§ **PROBLEM DESCRIPTION**
With the pictures set aside, reproduce each entry precisely as it reads.

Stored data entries
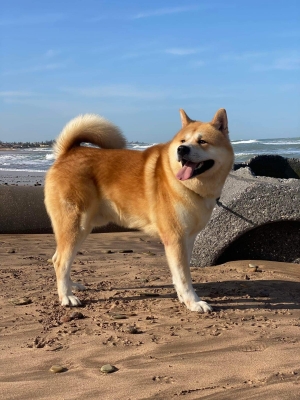 Disp chiot akita inu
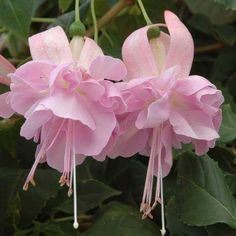 some pink flowers are blooming on the tree in the day time and it's hard to tell what color they are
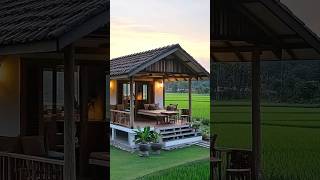 the cottage house is very natural#shorts #short #house the cottage house is very natural#shorts #short #house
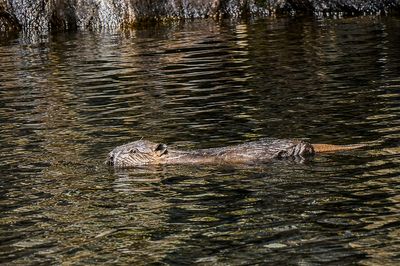 At least two beaver kits born in area of Highlands following repopulation effort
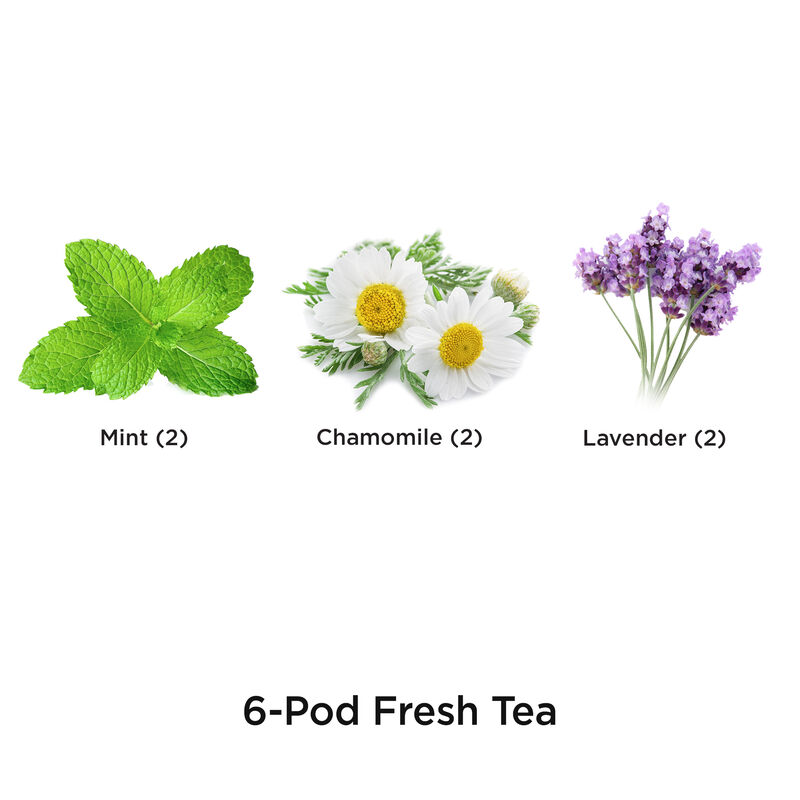 Fresh Tea Seed Kit image number null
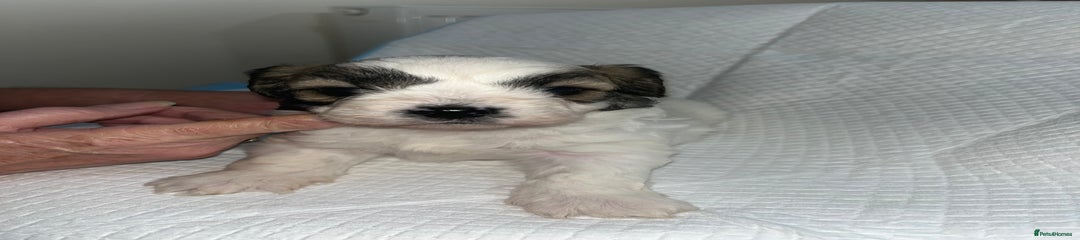 Shihpoo Puppy 3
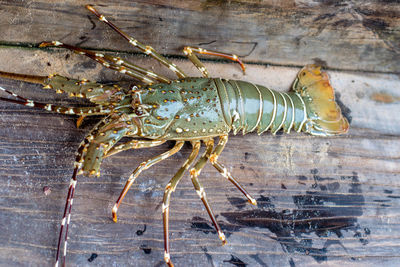 Close-up of lobster on wood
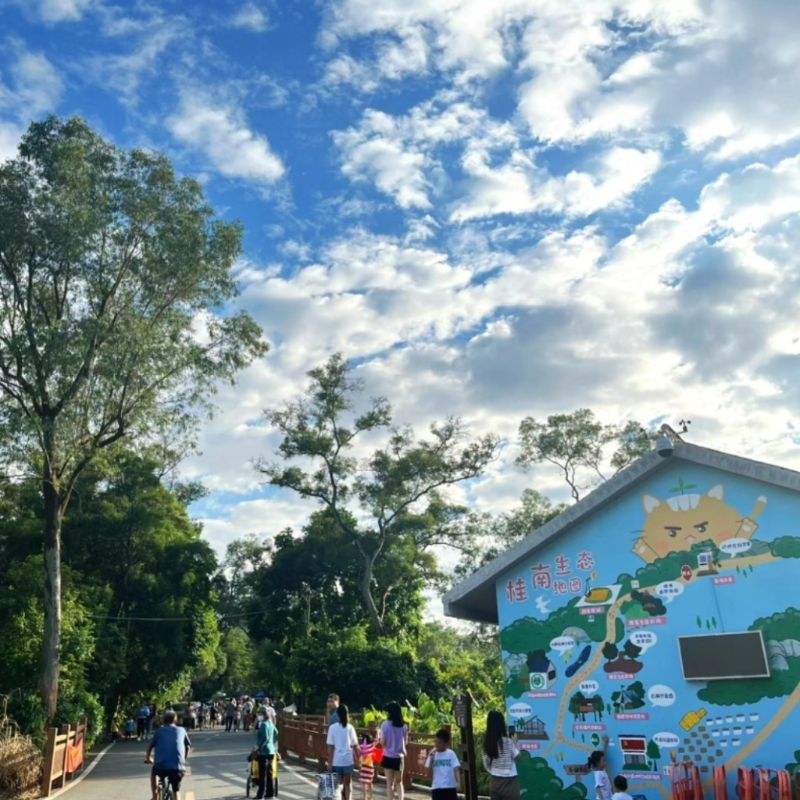 桂南村 桂南村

§ **OUTPUT**
 Disp chiot akita inu
 some pink flowers are blooming on the tree in the day time and it's hard to tell what color they are
 the cottage house is very natural#shorts #short #house the cottage house is very natural#shorts #short #house
 At least two beaver kits born in area of Highlands following repopulation effort
 Fresh Tea Seed Kit image number null
 Shihpoo Puppy 3
 Close-up of lobster on wood
 桂南村 桂南村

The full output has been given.